ISCA Archive Interspeech 2023
ISCA Archive Interspeech 2023

Fine-tuned RoBERTa Model with a CNN-LSTM Network for Conversational Emotion Recognition

Jiachen Luo, Huy Phan, Joshua Reiss

Textual emotion recognition in conversations has gained increasing attention in recent years for the growing amount of applications it can serve, e.g., human-robot interactions, recommended systems. However, most existing approaches are either based on BERT-based model which fail to exploit crucial information about the long-text context, or resort to complex entanglement of neural network architectures resulting in less stable training procedures and slower inference time. To bridge this gap, we first propose a fast, compact and parameter-efficient framework based on fine-tuned pre-trained RoBERTa model with a CNN-LSTM network for textual emotion recognition in conversations.
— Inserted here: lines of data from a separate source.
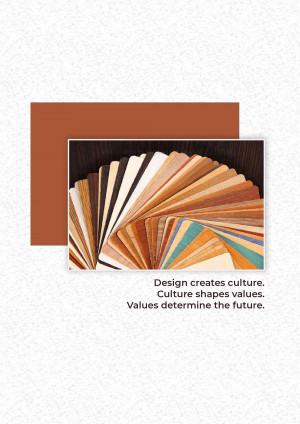 A fan of various wood color swatches displayed on a dark surface with a brown background.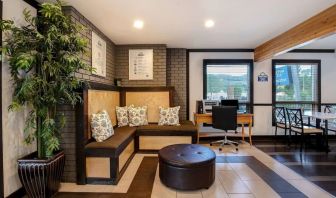 Hotel lobby with lounge area and workspace with computer and printer at Days Inn Vernon.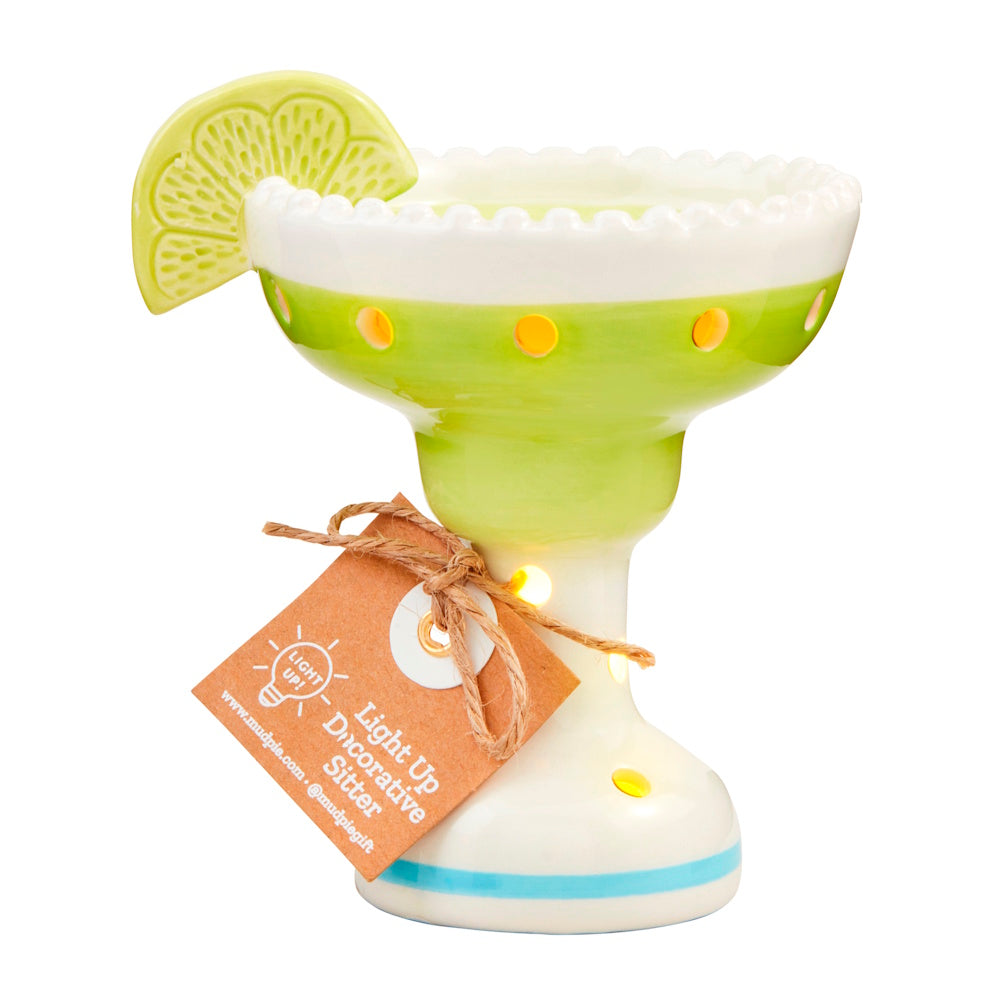 Ceramic margarita glass light-up decorative sitter with a lime slice garnish and green and white glazed finish.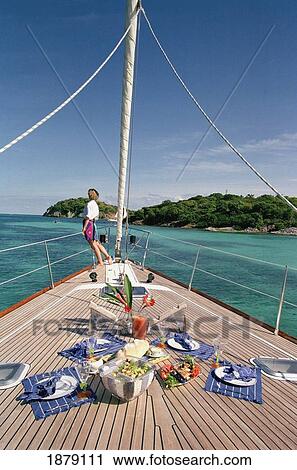Food Set On The Deck With Woman In Background On A Yacht Sailing Around The Grenadines View Large Photo Image Stock Image - Food Set On The Deck With Woman In Background On A Yacht Sailing Around The Grenadines. Fotosearch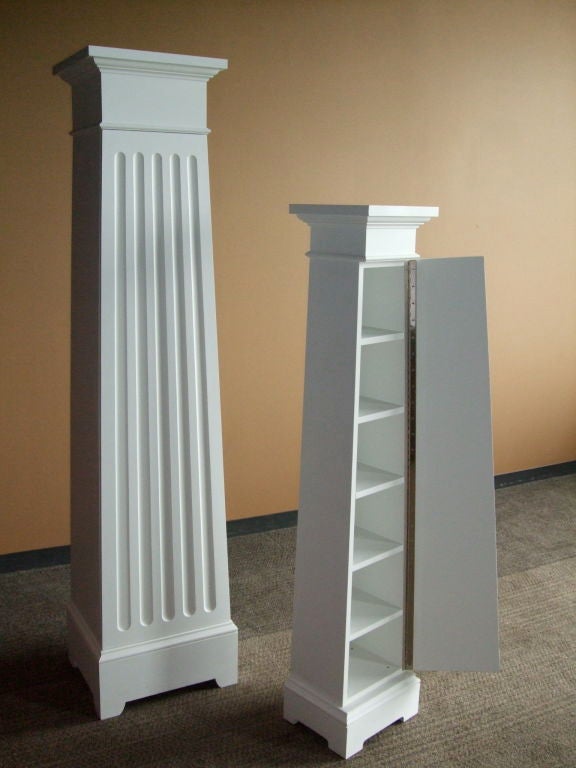 Custom architectural column cupboards in a white painted finish. 

Two sizes available:
Large column cupboard-$1,800, 84" H x 19.5" W x 16.5" D.
Small column cupboard-$1,700, 66" H x 14" W x 11.5" D.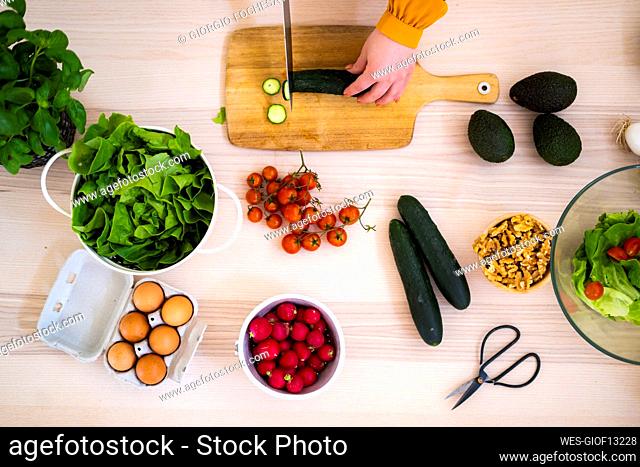 Woman chopping cucumber on cutting board at kitchen
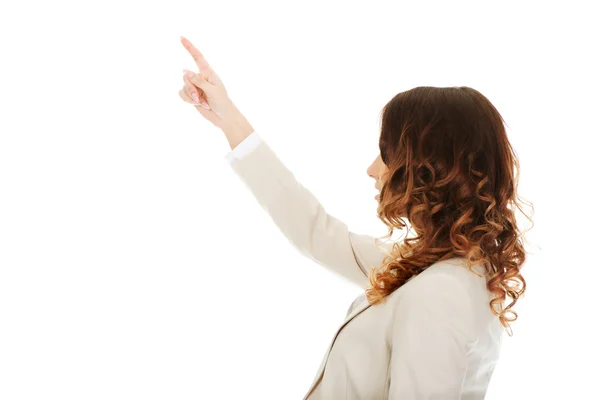 Mujer de negocios señalando hacia arriba . — Foto de Stock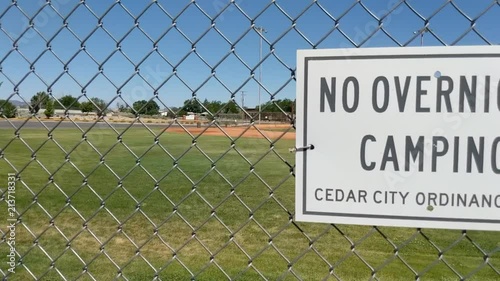 No camping sign on chain linked fence photo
First, we fine-tune the pre-tranined RoBERTa model to effectively learn long-term emotion-relevant context information. Second, convolutional neural network coupled with the bidirectional long short-term memory and joint reinforced blocks are utilized to recognize emotion in conversations. Extensive experiments are conducted on benchmark emotion MELD dataset, and the results show that our model outperforms a wide range of strong baselines and achieves competitive results with the state-of-art approaches.